Tlingit tribal members moved from Auke Bay to the area known as the Juneau Indian Village in the late 1800s. (Photo by Katie Anastas/KTOO)
The Central Council of the Tlingit and Haida Tribes of Alaska is one of five tribal organizations to receive a state-tribal education compacting grant.
Education compact agreements allow tribes to develop their own K-12 curriculum and schedule. Unlike charter schools, they’d be independent of existing public school districts. Supporters say tribal schools could help improve educational outcomes for Alaska Native students by providing culturally relevant, place-based lessons.

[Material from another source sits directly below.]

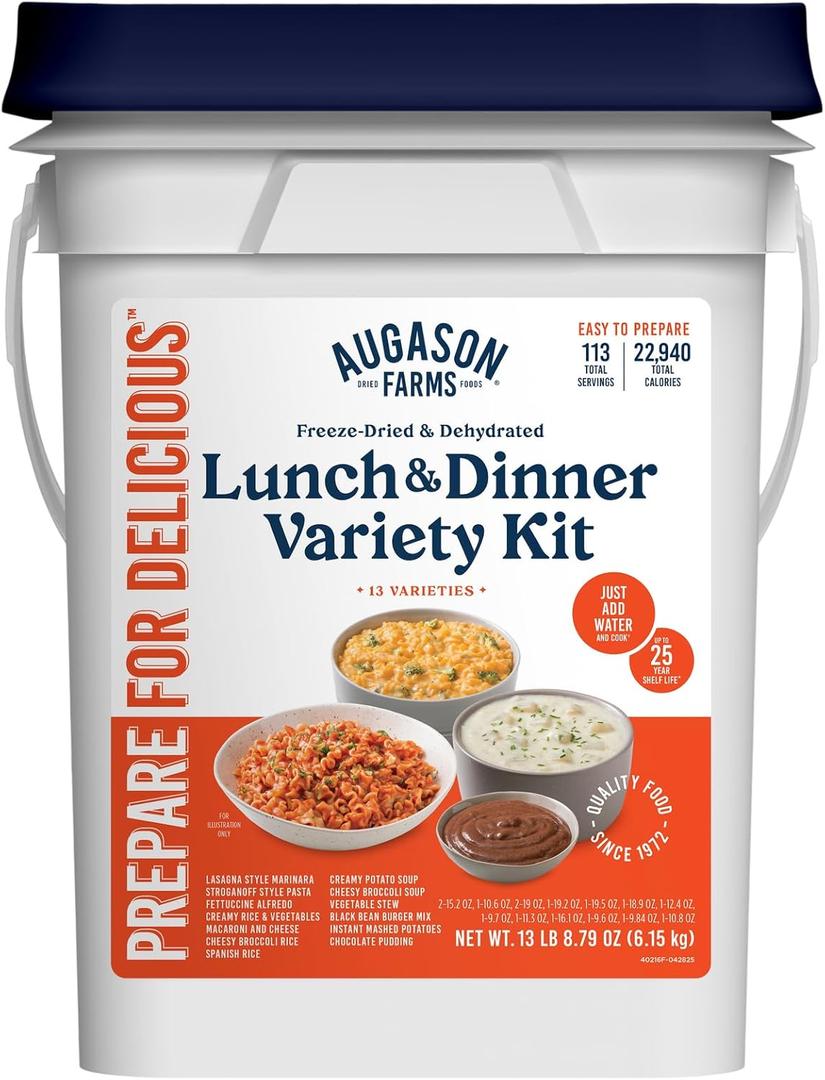 Augason Farms 4-Gallon Lunch & Dinner Variety Pail - Dehydrated Survival Food Kit - Long Shelf Life Ready to Eat Meals - Disaster Prep, Hiking & Camping Essentials - 113 Servings, Best By: 01/24/2035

Last year, Gov. Mike Dunleavy signed a bill to kick off the multi-year process of creating state-tribal compact schools.
To start, the five selected tribes will work with the state Board of Education to develop their own schools and work on legislation that could make them more widespread. The grant to Tlingit and Haida will fund someone to serve as a liaison to the state board.

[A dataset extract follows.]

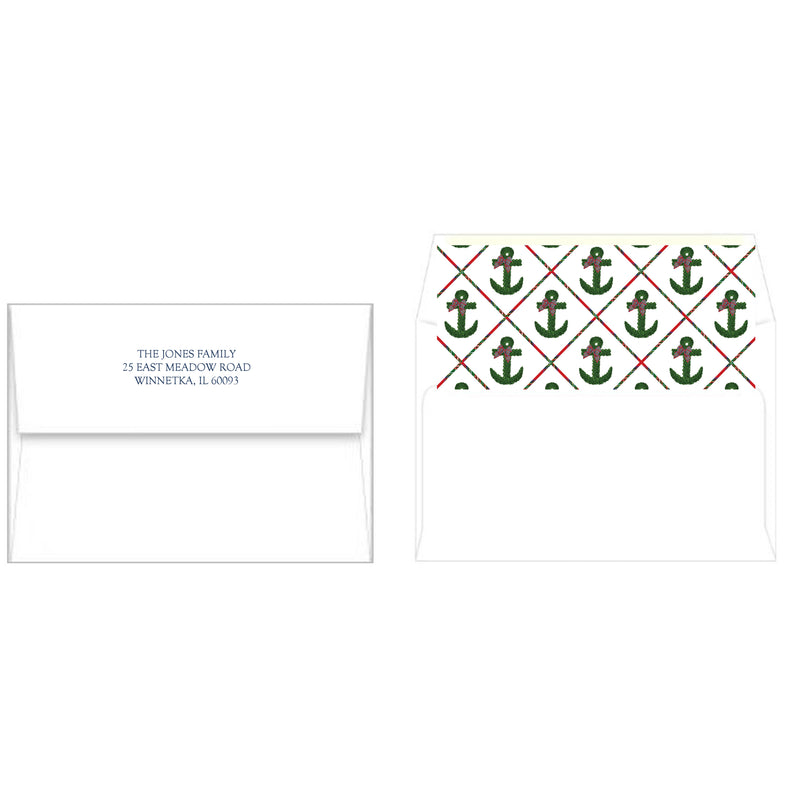 Boxwood Anchor Christmas Photo Card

Tlingit and Haida President Chalyee Éesh Richard Peterson spoke in support of the bill to the Senate Education Committee last year.
“The state of Alaska supports local control in many ways, including in education,” he said. “Tribal compacting is the epitome of local control.”
Peterson said the Tribe, which has more than 33,000 enrolled members, has a strong track record of administering programs throughout Southeast Alaska. Tlingit and Haida runs Head Start for kids aged 3 to 5 and offers cultural learning opportunities for public school students of all ages.
The other grant recipients include the Ketchikan Indian Community, King Island Native Community, Knik Tribe and Inupiat Community of the Arctic Slope.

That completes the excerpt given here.